From a psychoanalytic perspective, inspired by Freudian and Lacanian ideas of desire and the Other, the touchscreen acts as a seductive mirror. It reflects our desires back at us, instrumentalizing us as extensions of the device. As we touch the screen, we are touched in return—haptics create a feedback loop that heightens sensory bias, prioritizing immediate impressions over critical reflection. This dissociation from reality creates a barrier between the self and direct experience, fostering a virtual self that craves constant validation. Smartphones exploit this, stimulating anxiety and addiction through dopamine-driven notifications, turning us into compulsive sharers in the post-truth machine.
In essence, the touchscreen instrumentalizes us by making interaction effortless and intimate. We become tools for the algorithm, our touches propagating content without pause for verification. This echoes Foucault’s power-knowledge nexus: the device empowers us to create “truth” while subjecting us to its regime, where the act of touching reinforces uncritical participation.

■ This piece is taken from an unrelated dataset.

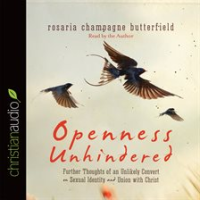 Openness_Unhindered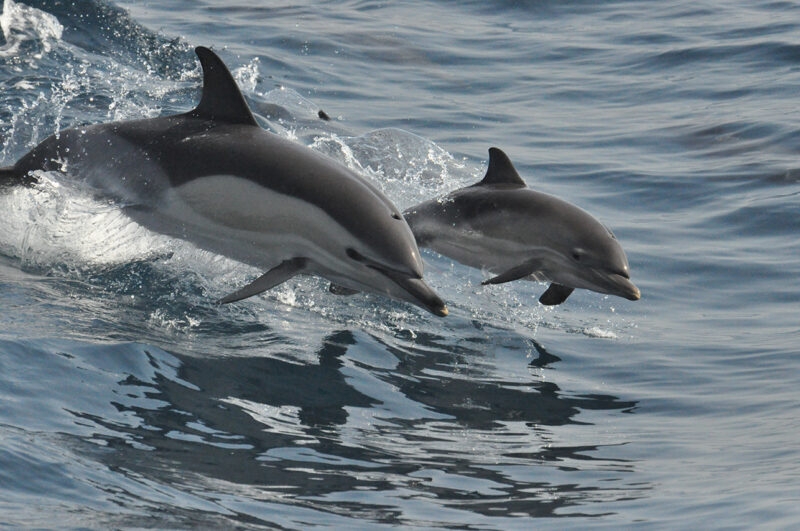 An adult dolphin and a baby dolphin jumping out of the sea together.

Touch’s Role in Spreading Fake News, Half-Truths, and Falsehoods
The psychology of touch exacerbates the spread of misinformation in profound ways. Mobile interfaces, with their seamless swiping mechanics, lower barriers to sharing, enabling rapid dissemination of fake news. The ease of a single tap—retweeting, liking, or forwarding—bypasses cognitive filters, turning half-truths into viral “impressions” that masquerade as facts.
Algorithms prioritize engaging content, often amplifying sensational falsehoods via touch-optimized feeds. The touchscreen’s immediacy fosters paranoia and indifference to authenticity, eroding trust in a post-modern haze where everything is questionable. As Foucault might argue, this is the regime at work—power circulates through our touches, producing “truths” that serve agendas, from state interference to corporate profits as well as political interests .

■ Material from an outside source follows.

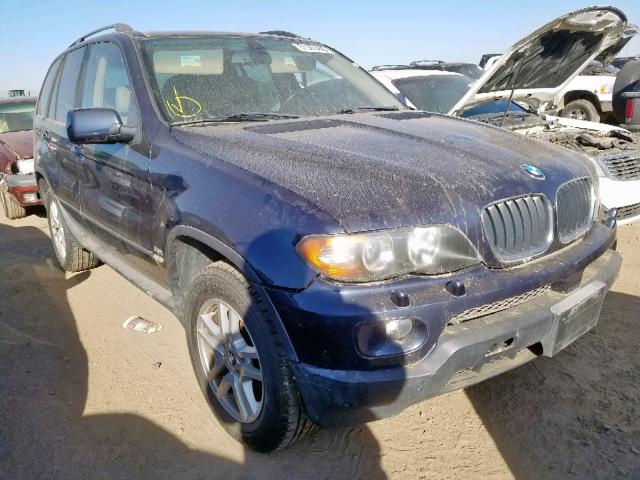 5UXFA13524LU25386 - 2004 BMW X5 3.0I BLUE photo 1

Influencer Culture and the Democratization of Deception
Social media’s democratization has birthed influencer culture, where ordinary users wield extraordinary power in shaping regimes of truth. Anyone with a smartphone can curate content, but the touchscreen’s allure encourages performative authenticity over substance. We “jump in” as influencers, chasing impressions in a system that rewards virality. Yet, this empowerment is illusory; we are subjected to the platform’s logic, where touch facilitates uncritical joining of echo chambers.
In this regime, half-truths flourish because contradictions “don’t matter”—a direct outgrowth of postmodern deconstruction.

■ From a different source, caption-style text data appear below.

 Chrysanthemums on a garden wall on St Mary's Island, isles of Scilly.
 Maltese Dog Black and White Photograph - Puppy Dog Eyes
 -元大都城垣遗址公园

The Imperative for Ethics Among Content Creators
Amid this chaos, ethics must reclaim center stage. Content creators bear a moral duty to combat misinformation, as platforms’ moderation is often insufficient. Ethical standards demand transparency, fact-checking, and accountability—correcting errors, disclosing biases, and prioritizing harm reduction. Users, too, share responsibility: mindful touching—pausing before sharing—can slow disinformation’s spread.
Without ethics, the touchscreen’s intimacy becomes a vector for deception. Creators must embrace Foucault’s critique not as license for relativism but as a call to interrogate power in their content.
Reclaiming Touch in the Regime of Truth
The touchscreen, in psychoanalytical terms, seduces us into the post-truth regime, instrumentalizing our desires while exploding falsehoods across social media. Yet, awareness offers resistance. By fostering ethical creation and critical engagement, we can transform touch from a tool of subjection into one of empowerment. In Foucault’s words, truth is produced—we must produce it responsibly, lest impressions devour reality entirely.